第15節の川崎ブレイブサンダース戦を終えた時点で、1試合平均13.5得点。川崎との1戦目で14得点を挙げた安藤は、続く2戦目は24得点とさらに数字を伸ばした。まだ大卒2年目という若手だが、「うちのエース。相手チームも彼を抑えるのは難しいと思います」と梶山信吾ヘッドコーチが言うように、早くも得点源の1人として計算できる存在になった。
開幕から12試合連続2ケタ得点と安定感も備えている安藤だが、12月に入ってからはそれまで2度しかなかった1ケタ得点が7試合中4試合。そして、その4試合はいずれもチームが敗れている。他チームからの警戒が強まっている証であり、安藤の得点力がチームの勝敗に与える影響を物語るデータだ。しかし、安藤自身は「まだエースと言われる立場ではない」と自らに厳しい目を向ける。
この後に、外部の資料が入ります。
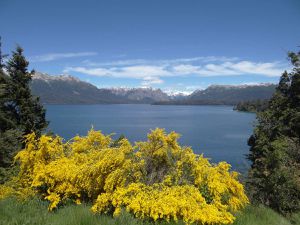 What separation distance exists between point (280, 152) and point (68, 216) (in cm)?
1239

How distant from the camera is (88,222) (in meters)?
6.72

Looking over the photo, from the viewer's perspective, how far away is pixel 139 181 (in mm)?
8164

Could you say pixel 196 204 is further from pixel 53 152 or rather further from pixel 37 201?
pixel 53 152

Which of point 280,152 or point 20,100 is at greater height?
point 20,100

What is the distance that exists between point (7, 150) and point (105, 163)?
14403mm

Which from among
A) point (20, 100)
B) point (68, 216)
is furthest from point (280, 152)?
point (20, 100)

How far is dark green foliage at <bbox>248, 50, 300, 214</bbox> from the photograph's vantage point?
42.1 feet

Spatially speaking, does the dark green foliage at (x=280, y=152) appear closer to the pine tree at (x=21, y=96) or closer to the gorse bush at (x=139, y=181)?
the gorse bush at (x=139, y=181)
「強い相手でもコンスタントに2ケタを取れるようにならないとエースとは言われないだろうし、1ケタの試合が4試合あったことは受け止めないといけない。マークがきつくなった時にどうすればいいかということは考えさせられたので、この2試合でそれを表現できたのは良かったかなと思います」
安藤が強調するのは、あくまでチームの一員であるということ。いかに与えられた役割を果たせるかという点に意識を傾けており、得点は与えられた役割の中の1つにすぎないという考え方だ。それでも、“エースの自覚”とも呼ぶべきメンタリティーは備わりつつある。
「任せられたらやらないといけない。昨季よりそういうシーンが増えてうれしい反面、失敗しちゃいけないというプレッシャーもありますが、数をこなしていくうちに慣れてきて、もっとボールが欲しいという気持ちにもなってきたので、そこは成長できているんじゃないかと思います」
フィールドゴール試投数の7割以上を3ポイントが占める中、「外のシュートだけとは思われたくない」と言う安藤は、川崎との2戦目では力強いドライブで6本の2ポイントをすべて決めてみせた。アシストやディフェンスにも向上の意欲を見せる安藤が、自他ともに認めるエースとなる日はそう遠くない将来に訪れるだろう。